The attention of those near by had now been attracted by the altercation, and the sneering laughs that followed this torrent of invective easily indicated the trend of the sympathies of the majority of the audience.
Tarzan did not like being laughed at, neither did he relish the terms applied to him by the Arab, but he showed no sign of anger as he arose from his seat upon the bench. A half smile played about his lips, but of a sudden a mighty fist shot into the face of the scowling Arab, and back of it were the terrible muscles of the ape-man.
At the instant that the man fell a half dozen fierce plainsmen sprang into the room from where they had apparently been waiting for their cue in the street before the cafe. With cries of "Kill the unbeliever!" and "Down with the dog of a Christian!" they made straight for Tarzan. A number of the younger Arabs in the audience sprang to their feet to join in the assault upon the unarmed white man. Tarzan and Abdul were rushed back toward the end of the room by the very force of numbers opposing them. The young Arab remained loyal to his master, and with drawn knife fought at his side.
With tremendous blows the ape-man felled all who came within reach of his powerful hands. He fought quietly and without a word, upon his lips the same half smile they had worn as he rose to strike down the man who had insulted him.
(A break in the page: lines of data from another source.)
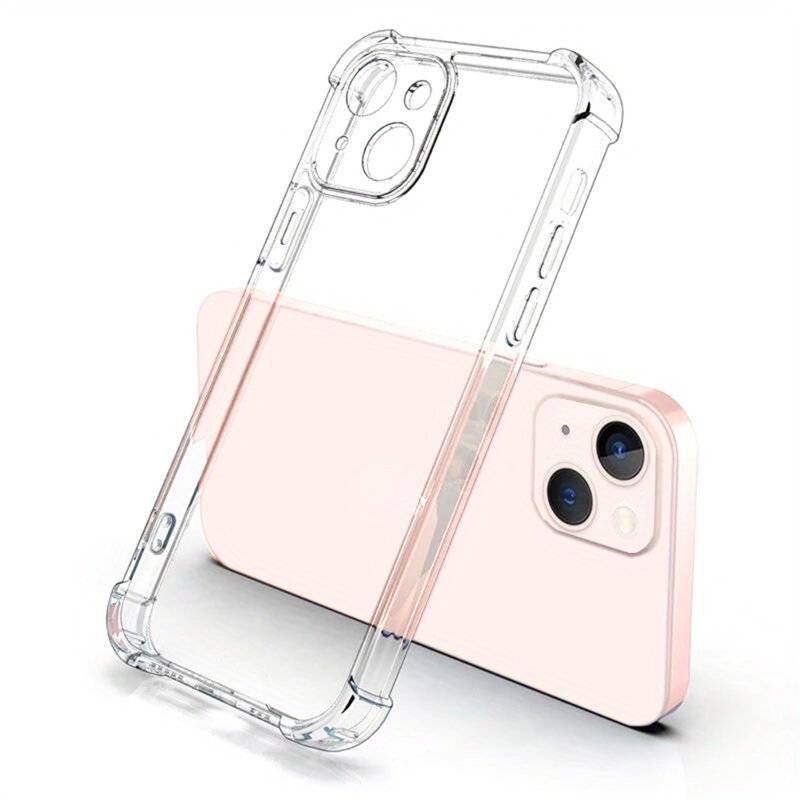 Husa iPhone 16e Techsuit Shockproof Clear Silicone, transparenta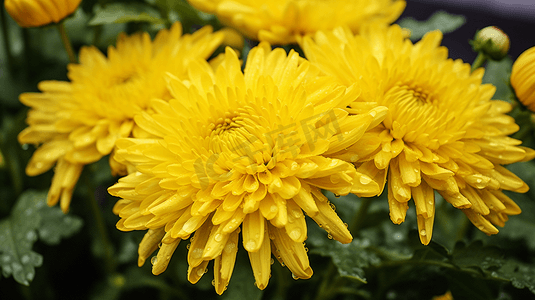 盛开的菊花重阳节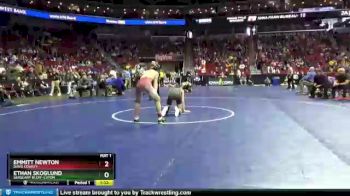 2A-106 lbs Cons. Semi - Ethan Skoglund, Sergeant Bluff-Luton vs Emmitt Newton, Davis County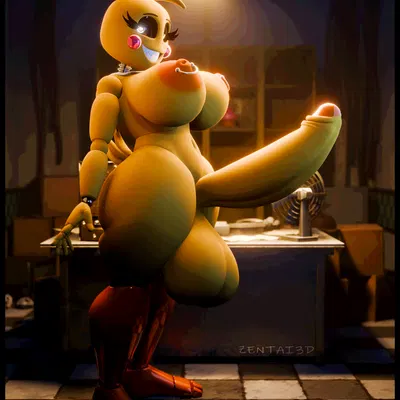 lovetaste chica, toy chica (fnaf) (five nights at freddy's, five nights at freddy's 2) created by zentaisfm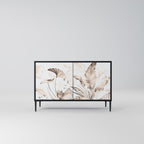 WILD TENDERNESS Sideboard mit 2 Türen in Schwarz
It seemed impossible that either he or Abdul could survive the sea of wicked-looking swords and knives that surrounded them, but the very numbers of their assailants proved the best bulwark of their safety. So closely packed was the howling, cursing mob that no weapon could be wielded to advantage, and none of the Arabs dared use a firearm for fear of wounding one of his compatriots.
Finally Tarzan succeeded in seizing one of the most persistent of his attackers. With a quick wrench he disarmed the fellow, and then, holding him before them as a shield, he backed slowly beside Abdul toward the little door which led into the inner courtyard. At the threshold he paused for an instant, and, lifting the struggling Arab above his head, hurled him, as though from a catapult, full in the faces of his on-pressing fellows.
Then Tarzan and Abdul stepped into the semidarkness of the court. The frightened Ouled-Nails were crouching at the tops of the stairs which led to their respective rooms, the only light in the courtyard coming from the sickly candles which each girl had stuck with its own grease to the woodwork of her door-frame, the better to display her charms to those who might happen to traverse the dark inclosure.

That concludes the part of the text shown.